Indebted to Debt Relief

An interesting and provocative discussion of the reaction within Africa to the much publicised Debt Relief program implemented by the G8 countries. Applauded by many celebrities in the west, debt relief embraces many components of politically correct development that are thought of as axiomatic constructs such as "pro-poor" development, poverty reduction and sustainability.
The problem is not necessarily with these concepts. It rests in the manner with which these concepts are defined:
  • as static end products, rather than as dynamic processes for change; and,
  • as politically correct directives within centralised bureaucratic planning, rather than as market-driven incentives.
Sustainability is not an ecological construct: it is the integration of environment, economy and society. Without a productive economy, there can be no caring and compassionate society. Without a just society, there is no environmental responsibility. Translating the theory of sustainability into practice requires leadership, entrepreneurship and capacity building. Media pronouncements and publicity are a poor substitute for real initiatives and the awareness of local context necessary for successful implementation of sustainability principles. Empowerment entails people taking power over their lives. Debt Relief removes them from that possibility. Worse it gives them additional bureaucratic drag and additional taxes.

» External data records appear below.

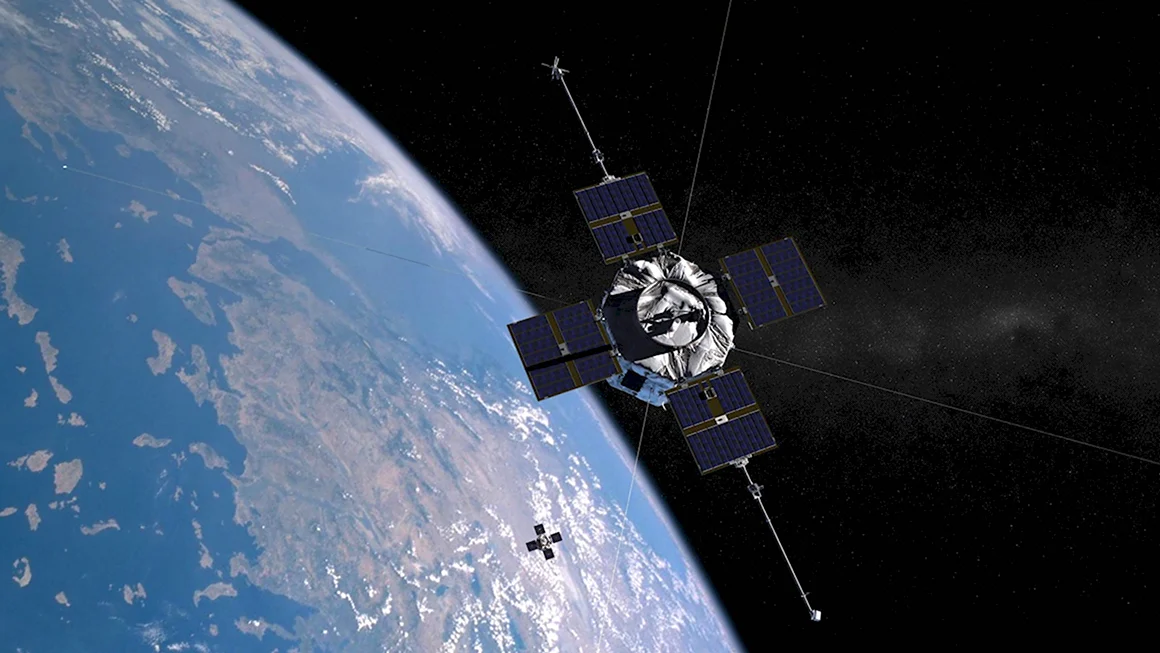 Околоземные космические аппараты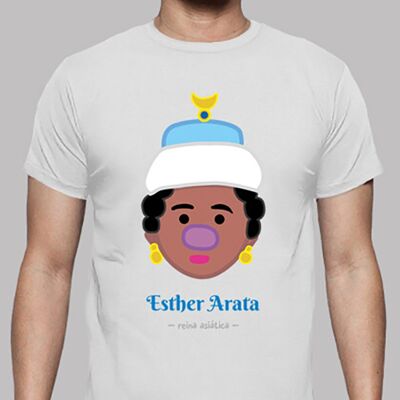 T-shirt (Homme) Esther Arata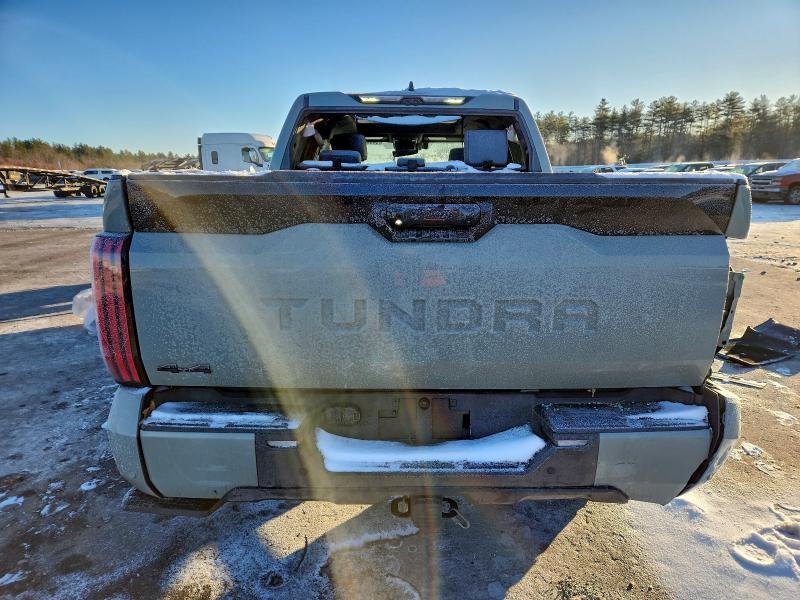 2025 Toyota Tundra VIN 5TFNA5DB9SX302392 COPART salvage auction — FRONT END, Me - Cert Of Title-Salvage Collisio, sold $15,100 on 2026-07-29 (photo 6)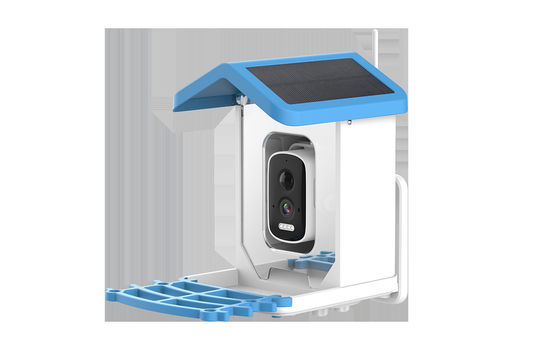 Buy Solar Powered Smart Bird Feeder With Camera Outdoor Smart Hummingbird Feeder online manufacture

Sustainability need not be antithetical to the processes of globalization. Indeed, I would argue the only way to successfully implement any sustainability initiative, is to utilise the very processes that continue to drive globalisation, namely: the democratization of technology, information and commerce. Claiming to be "pro-poor" in the name of poverty reduction, while foisting layers of bureaucratic oversight on developing countries, is to curtail the very economics of growth necessary for sustainable development to occur.